Hollimon stayed at W.L. Smith until 2002, when she had the opportunity to transfer to Petal High School to become the new receptionist there.
“Just that age level (at the high school) – I love being able to serve the teenagers, and be on a mission there to help them,” Hollimon said. “I love to help the parents of that age, because it can be a very hard time with them, when they come in the ninth grade.
“They’re young and trying to learn, and then when they leave in the 12th grade, they’re going into the world as adults and they have those decisions to make. So they change so much from ninth to 12th grade, but I enjoy that age. If you’re not in education, you can have lots of questions and you just need a little help.”
Hollimon believes her passion for that age group was gifted to her by God, as well as the ability to multi-task at a high level. Those skills were certainly needed in her case, as a typical day could see Hollimon helping students with questions about the day, guiding visitors, answering the phones, assisting teachers with issues and supporting the administrators at the school.
“I can help a teacher on the phone, help a parent who comes in the door, help a student, help the administrators and the teachers,” Hollimon said. “God just gifted me with a unique ability to be able to kind of handle all those things at one time.
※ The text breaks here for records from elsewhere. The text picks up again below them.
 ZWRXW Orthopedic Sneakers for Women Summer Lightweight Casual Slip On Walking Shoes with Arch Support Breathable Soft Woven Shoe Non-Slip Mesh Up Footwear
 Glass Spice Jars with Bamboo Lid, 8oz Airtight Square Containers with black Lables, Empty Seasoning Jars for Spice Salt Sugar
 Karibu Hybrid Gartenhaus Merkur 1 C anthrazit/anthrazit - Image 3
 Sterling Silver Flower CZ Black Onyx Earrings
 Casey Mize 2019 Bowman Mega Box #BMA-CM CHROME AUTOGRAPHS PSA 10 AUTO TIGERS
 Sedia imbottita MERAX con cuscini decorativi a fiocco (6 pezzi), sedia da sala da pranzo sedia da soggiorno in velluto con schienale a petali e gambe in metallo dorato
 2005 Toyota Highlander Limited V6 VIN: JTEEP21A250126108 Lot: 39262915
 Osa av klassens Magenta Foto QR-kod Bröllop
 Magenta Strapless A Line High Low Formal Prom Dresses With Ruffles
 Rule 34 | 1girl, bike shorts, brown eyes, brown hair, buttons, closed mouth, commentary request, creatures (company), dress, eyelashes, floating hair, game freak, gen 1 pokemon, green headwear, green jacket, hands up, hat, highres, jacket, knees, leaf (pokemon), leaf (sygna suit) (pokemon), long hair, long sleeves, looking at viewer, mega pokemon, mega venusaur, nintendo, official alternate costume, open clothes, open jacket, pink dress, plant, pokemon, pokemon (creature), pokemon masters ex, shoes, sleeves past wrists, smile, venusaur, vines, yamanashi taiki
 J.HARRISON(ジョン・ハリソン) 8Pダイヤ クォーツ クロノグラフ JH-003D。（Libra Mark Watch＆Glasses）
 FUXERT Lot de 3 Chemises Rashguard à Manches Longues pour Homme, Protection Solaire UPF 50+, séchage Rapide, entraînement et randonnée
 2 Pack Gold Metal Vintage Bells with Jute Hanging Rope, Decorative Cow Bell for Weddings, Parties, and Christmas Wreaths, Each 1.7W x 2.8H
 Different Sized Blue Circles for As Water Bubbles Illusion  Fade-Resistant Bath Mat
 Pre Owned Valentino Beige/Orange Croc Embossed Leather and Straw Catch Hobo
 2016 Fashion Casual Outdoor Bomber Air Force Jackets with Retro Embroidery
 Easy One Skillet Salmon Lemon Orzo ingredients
“There’s a lot going on, and you have to multi-task on all kinds of things. Also, Rosie Kinard was at Petal High School for 35 years – she was the principal’s secretary when I was in high school and when I came in 2002 – and she took me in and taught me everything about education too.”
One of the students Hollimon made an impression on is Cayla Camp Burns, who worked as an office assistant under Hollimon before graduating in 2006.
“One thing I always noticed was her friendliness toward everyone who walked in those doors and into that school,” Burns said. “Also, she had superb organizational skills, which were in the form of a very detailed note-taking process on her desk calendar.
“She was always on top of everything. As a student, for me, her personality and sense of humor made the job enjoyable.”
Matt Dillon, superintendent of the Petal School District, said Hollimon’s retirement is bittersweet for members of the district.
“She’s just been a mainstay at Petal High School – one of the first faces that greets you,” he said. “She’s been very instrumental in our success at the high school, in how she has helped countless students, countless staff members, countless leader in her role over many years.
“She is very much going to be missed in our district, and we wish her nothing but the best as she gets to spend more time with her family.”